---------- DATA FOR THE TASK

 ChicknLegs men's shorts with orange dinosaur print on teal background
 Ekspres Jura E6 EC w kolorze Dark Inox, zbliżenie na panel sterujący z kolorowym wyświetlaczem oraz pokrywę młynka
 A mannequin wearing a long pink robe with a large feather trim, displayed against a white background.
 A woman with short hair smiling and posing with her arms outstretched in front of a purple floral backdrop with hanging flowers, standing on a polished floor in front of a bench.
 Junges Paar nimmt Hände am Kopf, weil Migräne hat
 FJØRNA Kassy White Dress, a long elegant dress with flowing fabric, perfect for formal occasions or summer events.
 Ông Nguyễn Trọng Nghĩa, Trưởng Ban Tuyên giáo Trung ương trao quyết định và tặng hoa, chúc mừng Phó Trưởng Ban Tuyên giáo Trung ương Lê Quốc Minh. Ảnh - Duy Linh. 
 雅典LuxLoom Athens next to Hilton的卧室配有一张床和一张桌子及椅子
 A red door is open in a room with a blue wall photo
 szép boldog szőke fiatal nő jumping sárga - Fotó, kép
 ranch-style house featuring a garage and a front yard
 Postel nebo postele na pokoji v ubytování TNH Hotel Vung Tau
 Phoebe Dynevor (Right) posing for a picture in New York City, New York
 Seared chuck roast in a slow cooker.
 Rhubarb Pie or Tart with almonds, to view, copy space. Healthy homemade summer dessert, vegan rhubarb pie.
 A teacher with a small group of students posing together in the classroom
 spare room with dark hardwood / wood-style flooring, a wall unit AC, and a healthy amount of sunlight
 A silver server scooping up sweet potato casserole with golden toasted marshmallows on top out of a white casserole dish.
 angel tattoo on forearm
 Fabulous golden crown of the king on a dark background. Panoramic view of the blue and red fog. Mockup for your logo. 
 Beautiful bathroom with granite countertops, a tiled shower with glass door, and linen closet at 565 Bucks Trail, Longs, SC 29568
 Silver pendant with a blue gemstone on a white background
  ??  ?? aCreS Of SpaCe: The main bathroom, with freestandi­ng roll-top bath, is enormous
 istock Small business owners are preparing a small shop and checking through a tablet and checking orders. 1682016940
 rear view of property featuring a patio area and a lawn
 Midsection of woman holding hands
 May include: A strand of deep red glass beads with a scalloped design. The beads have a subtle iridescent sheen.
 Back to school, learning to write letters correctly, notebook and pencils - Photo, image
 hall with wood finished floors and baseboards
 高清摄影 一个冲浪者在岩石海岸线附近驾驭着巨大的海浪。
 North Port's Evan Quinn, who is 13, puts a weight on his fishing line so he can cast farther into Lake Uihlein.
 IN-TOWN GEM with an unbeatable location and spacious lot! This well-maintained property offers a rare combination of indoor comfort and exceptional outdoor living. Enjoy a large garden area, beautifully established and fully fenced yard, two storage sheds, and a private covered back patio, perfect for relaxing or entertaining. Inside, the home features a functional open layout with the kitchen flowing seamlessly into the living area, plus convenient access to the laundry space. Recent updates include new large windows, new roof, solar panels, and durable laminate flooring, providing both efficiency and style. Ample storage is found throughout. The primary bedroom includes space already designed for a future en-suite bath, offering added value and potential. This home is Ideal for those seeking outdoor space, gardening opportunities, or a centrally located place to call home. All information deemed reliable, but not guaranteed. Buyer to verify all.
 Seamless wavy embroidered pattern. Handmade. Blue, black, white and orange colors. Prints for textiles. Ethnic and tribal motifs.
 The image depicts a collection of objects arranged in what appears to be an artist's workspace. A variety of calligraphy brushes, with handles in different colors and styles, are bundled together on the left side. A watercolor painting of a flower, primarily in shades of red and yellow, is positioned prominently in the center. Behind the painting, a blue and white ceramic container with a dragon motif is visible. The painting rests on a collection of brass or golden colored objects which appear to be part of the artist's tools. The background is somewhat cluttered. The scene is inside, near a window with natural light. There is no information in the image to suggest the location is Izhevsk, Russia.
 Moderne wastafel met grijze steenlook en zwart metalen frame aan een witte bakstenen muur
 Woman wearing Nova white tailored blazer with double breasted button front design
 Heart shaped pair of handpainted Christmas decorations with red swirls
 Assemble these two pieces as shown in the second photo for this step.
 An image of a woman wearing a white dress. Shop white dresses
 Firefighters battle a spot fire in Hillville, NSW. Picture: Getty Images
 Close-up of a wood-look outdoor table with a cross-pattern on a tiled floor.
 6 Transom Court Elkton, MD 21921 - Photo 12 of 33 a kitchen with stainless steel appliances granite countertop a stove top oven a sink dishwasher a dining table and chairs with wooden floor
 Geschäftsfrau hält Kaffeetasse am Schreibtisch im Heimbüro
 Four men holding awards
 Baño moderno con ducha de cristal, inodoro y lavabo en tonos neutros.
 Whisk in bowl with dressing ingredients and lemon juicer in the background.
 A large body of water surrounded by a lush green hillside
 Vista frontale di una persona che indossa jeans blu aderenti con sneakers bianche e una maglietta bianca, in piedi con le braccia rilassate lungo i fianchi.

--------------------

■ **YOUR OBJECTIVE**: Could you retype all of the entries exactly, leaving none out?

■ **RESPONSE TO THE TASK**:
 ChicknLegs men's shorts with orange dinosaur print on teal background
 Ekspres Jura E6 EC w kolorze Dark Inox, zbliżenie na panel sterujący z kolorowym wyświetlaczem oraz pokrywę młynka
 A mannequin wearing a long pink robe with a large feather trim, displayed against a white background.
 A woman with short hair smiling and posing with her arms outstretched in front of a purple floral backdrop with hanging flowers, standing on a polished floor in front of a bench.
 Junges Paar nimmt Hände am Kopf, weil Migräne hat
 FJØRNA Kassy White Dress, a long elegant dress with flowing fabric, perfect for formal occasions or summer events.
 Ông Nguyễn Trọng Nghĩa, Trưởng Ban Tuyên giáo Trung ương trao quyết định và tặng hoa, chúc mừng Phó Trưởng Ban Tuyên giáo Trung ương Lê Quốc Minh. Ảnh - Duy Linh. 
 雅典LuxLoom Athens next to Hilton的卧室配有一张床和一张桌子及椅子
 A red door is open in a room with a blue wall photo
 szép boldog szőke fiatal nő jumping sárga - Fotó, kép
 ranch-style house featuring a garage and a front yard
 Postel nebo postele na pokoji v ubytování TNH Hotel Vung Tau
 Phoebe Dynevor (Right) posing for a picture in New York City, New York
 Seared chuck roast in a slow cooker.
 Rhubarb Pie or Tart with almonds, to view, copy space. Healthy homemade summer dessert, vegan rhubarb pie.
 A teacher with a small group of students posing together in the classroom
 spare room with dark hardwood / wood-style flooring, a wall unit AC, and a healthy amount of sunlight
 A silver server scooping up sweet potato casserole with golden toasted marshmallows on top out of a white casserole dish.
 angel tattoo on forearm
 Fabulous golden crown of the king on a dark background. Panoramic view of the blue and red fog. Mockup for your logo. 
 Beautiful bathroom with granite countertops, a tiled shower with glass door, and linen closet at 565 Bucks Trail, Longs, SC 29568
 Silver pendant with a blue gemstone on a white background
  ??  ?? aCreS Of SpaCe: The main bathroom, with freestandi­ng roll-top bath, is enormous
 istock Small business owners are preparing a small shop and checking through a tablet and checking orders. 1682016940
 rear view of property featuring a patio area and a lawn
 Midsection of woman holding hands
 May include: A strand of deep red glass beads with a scalloped design. The beads have a subtle iridescent sheen.
 Back to school, learning to write letters correctly, notebook and pencils - Photo, image
 hall with wood finished floors and baseboards
 高清摄影 一个冲浪者在岩石海岸线附近驾驭着巨大的海浪。
 North Port's Evan Quinn, who is 13, puts a weight on his fishing line so he can cast farther into Lake Uihlein.
 IN-TOWN GEM with an unbeatable location and spacious lot! This well-maintained property offers a rare combination of indoor comfort and exceptional outdoor living. Enjoy a large garden area, beautifully established and fully fenced yard, two storage sheds, and a private covered back patio, perfect for relaxing or entertaining. Inside, the home features a functional open layout with the kitchen flowing seamlessly into the living area, plus convenient access to the laundry space. Recent updates include new large windows, new roof, solar panels, and durable laminate flooring, providing both efficiency and style. Ample storage is found throughout. The primary bedroom includes space already designed for a future en-suite bath, offering added value and potential. This home is Ideal for those seeking outdoor space, gardening opportunities, or a centrally located place to call home. All information deemed reliable, but not guaranteed. Buyer to verify all.
 Seamless wavy embroidered pattern. Handmade. Blue, black, white and orange colors. Prints for textiles. Ethnic and tribal motifs.
 The image depicts a collection of objects arranged in what appears to be an artist's workspace. A variety of calligraphy brushes, with handles in different colors and styles, are bundled together on the left side. A watercolor painting of a flower, primarily in shades of red and yellow, is positioned prominently in the center. Behind the painting, a blue and white ceramic container with a dragon motif is visible. The painting rests on a collection of brass or golden colored objects which appear to be part of the artist's tools. The background is somewhat cluttered. The scene is inside, near a window with natural light. There is no information in the image to suggest the location is Izhevsk, Russia.
 Moderne wastafel met grijze steenlook en zwart metalen frame aan een witte bakstenen muur
 Woman wearing Nova white tailored blazer with double breasted button front design
 Heart shaped pair of handpainted Christmas decorations with red swirls
 Assemble these two pieces as shown in the second photo for this step.
 An image of a woman wearing a white dress. Shop white dresses
 Firefighters battle a spot fire in Hillville, NSW. Picture: Getty Images
 Close-up of a wood-look outdoor table with a cross-pattern on a tiled floor.
 6 Transom Court Elkton, MD 21921 - Photo 12 of 33 a kitchen with stainless steel appliances granite countertop a stove top oven a sink dishwasher a dining table and chairs with wooden floor
 Geschäftsfrau hält Kaffeetasse am Schreibtisch im Heimbüro
 Four men holding awards
 Baño moderno con ducha de cristal, inodoro y lavabo en tonos neutros.
 Whisk in bowl with dressing ingredients and lemon juicer in the background.
 A large body of water surrounded by a lush green hillside
 Vista frontale di una persona che indossa jeans blu aderenti con sneakers bianche e una maglietta bianca, in piedi con le braccia rilassate lungo i fianchi.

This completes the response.